When the focal distance of the magnetic lenses 2, 3 is varied by a focusing 
signal whose focal distance is corrected, the focal plane is moved to a 
position of a curve 18 where a bottom portion of the curved beam focus 
plane 18 is set in contact with the sample surface 13 at a position 17. 
The bottom portion of the curved beam focus plane is relatively flattened 
and it is, therefore, possible to effect a lithograph process, with a 
great spot, at and near the position 17. 

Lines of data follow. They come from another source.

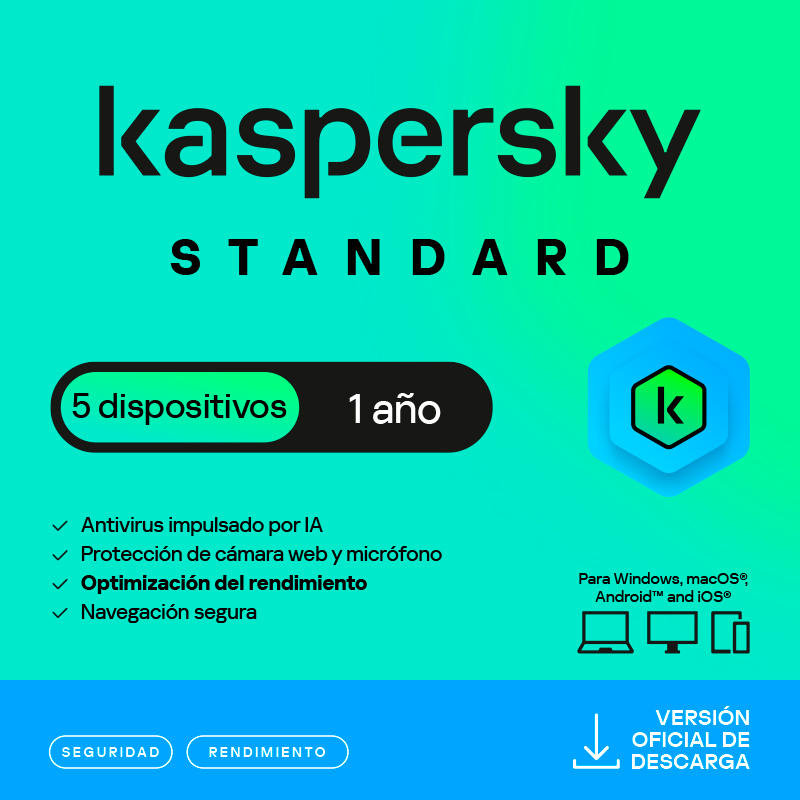 Kaspersky Standard · 5 PC · 1 año · Virtual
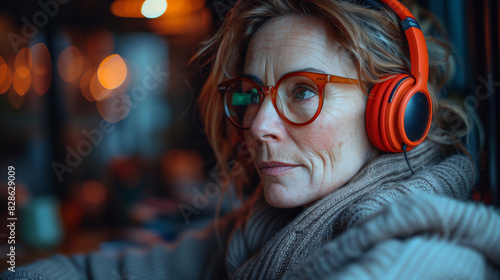 Lofi Lo-fi woman in her 50s with glasses and headphones in her office in front of a desk, half profile, kind of nerdy, coding, dark ambience, dark color palette, cozy, book, business photo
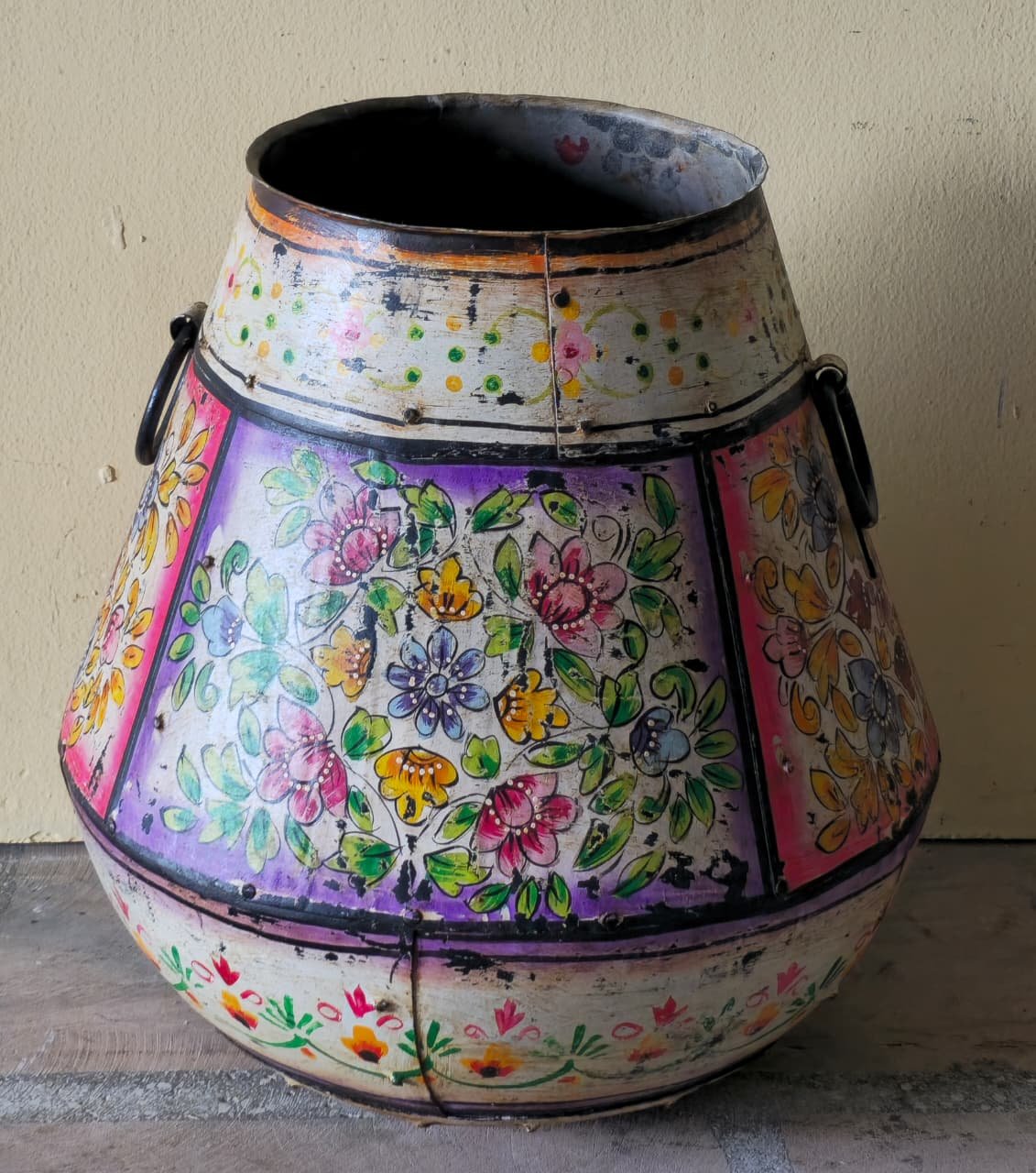 Loha Kumbha — Iron Vessel of Abundance (Ochre-gold with folk geometric borders) - Image 1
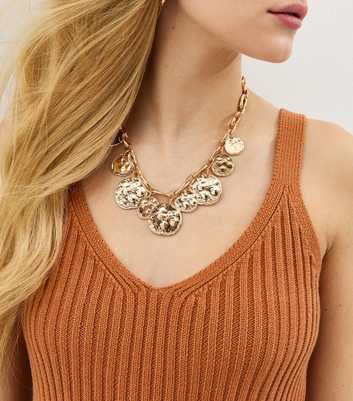 Gold Tone Hammered Disk Chain Necklace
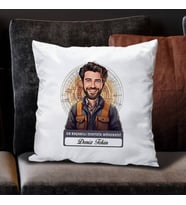 Kişiye Özel Hediye Karikatürlü En Başarılı Erkek Jeofizik Mühendisi Yastık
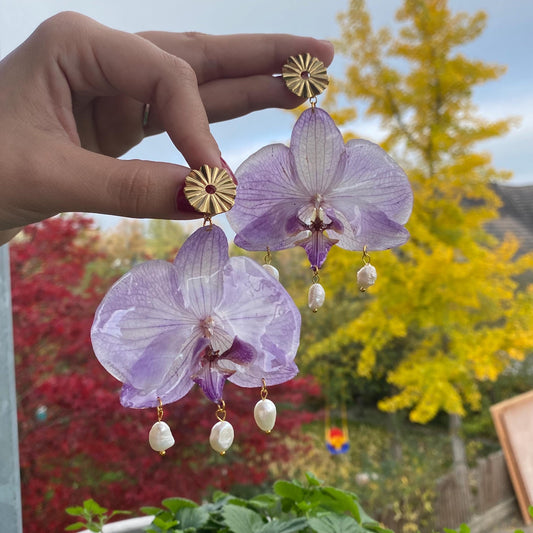 Helllila Lila Gestreifte Orchideen Ohrringe Ohrstecker Edelstahl Süßwasserperle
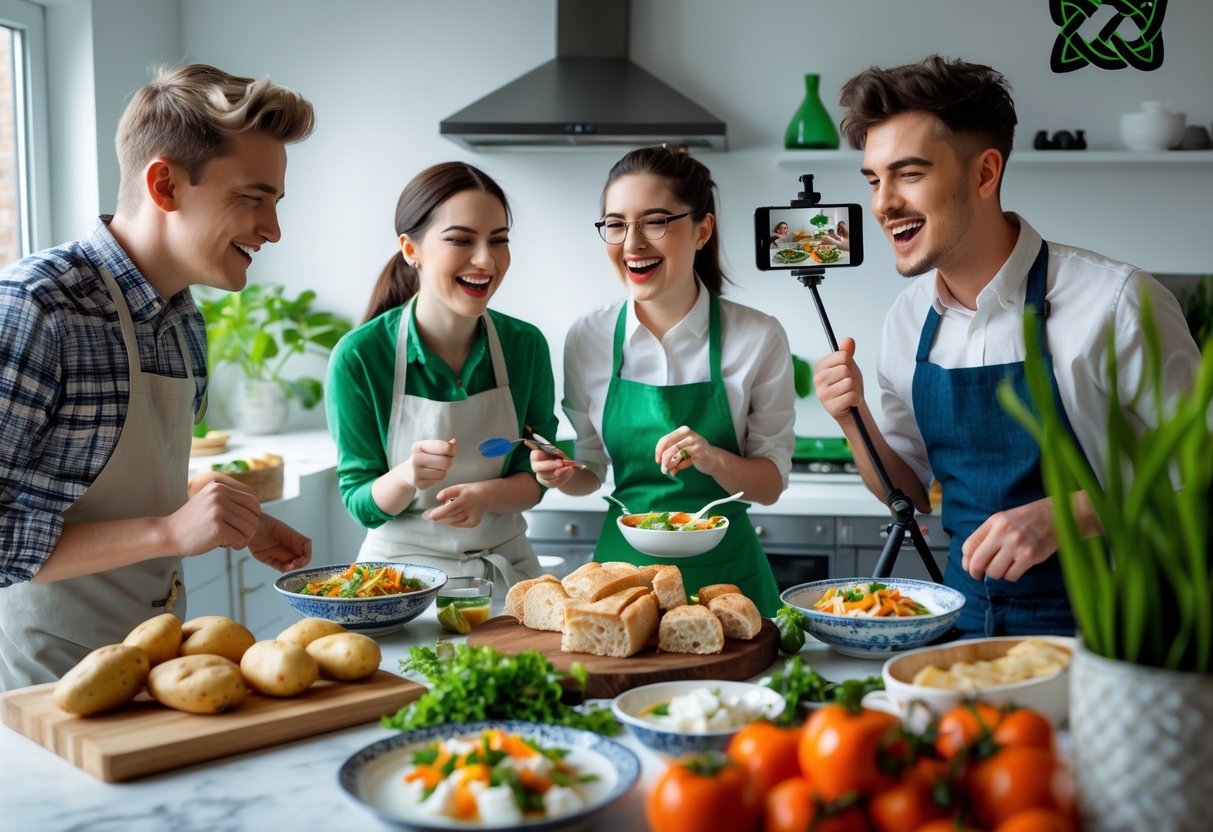 A group of young adults cooking and filming Irish dishes together in a bright kitchen.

In order to eliminate the coma aberration or shift the focus plane, the 
deflection units 4, 5 are so controlled as to have a sum of their 
deflection amounts set to be substantially zero at the focus plane (or the 
sample surface). By doing so, it is possible to eliminate only the 
aberration without varying the basic characteristics of the focusing by 
the magnetic lenses 2, 3. For this purpose, requisite information is 
supplied from the system controller 31 to the coma aberration cancel 
signal generator 37. With this information additively combined, the coma 
aberration cancel signal generator 37 generates a coma aberration cancel 
signal. 
Although, irrespective of the movement of the charged particle beam, the 
beam is focused on the same plane, when control is so made as to allow a 
deflection amount to be set to be zero at a crossover plane, it is 
possible to control the convergence semi-angle of the charged particle 
beam with an aperture of a circular opening set relative to the crossover 
plane. For this reason, the requisite information is supplied from the 
system controller 31 to the coma aberration cancel signal generator 37 and 
the coma aberration cancel signal is produced, with the information 
additively combined, from the coma aberration cancel 
According to the present embodiment as set out in detail above, it is 
possible to, by dynamically producing the deflection coma aberration in 
accordance with the position of the charged particle beam illuminated on 
the mask, dynamically cancel the coma aberration by the magnetic lens 
varying in accordance with that position. By dynamically shifting the 
focus plane, by deflection, in accordance with the position of the charged 
particle beam illuminated on the mask and varying the focal distance of 
the lens, it is possible to perform the lithograph process with a great 
beam spot and improve the production efficiency. 
The present invention is not restricted to the above-mentioned embodiment. 
In the present embodiment, the arrangement of the optical system is not 
restricted thereto and may be properly modified in accordance with its 
specification. Further, the lens may be not only of an magnetic type but 
also of an electrostatic type. The deflection unit may be comprised of not 
only an electrostatic deflection unit but also magnetic deflection unit. 
The present invention is not restricted to the lithograph apparatus only 
and can also be applied to an apparatus for projection-focusing a mask 
image on the sample surface with an electron beam or ion beam. 
Additional advantages and modifications will readily occur to those skilled 
in the art. Therefore, the invention in its broader aspects is not limited 
to the specific details and representative embodiments shown and described 
herein. Accordingly, various modifications may be made without departing 
from the spirit or scope of the general inventive concept as defined by 
the appended claims and their equivalents.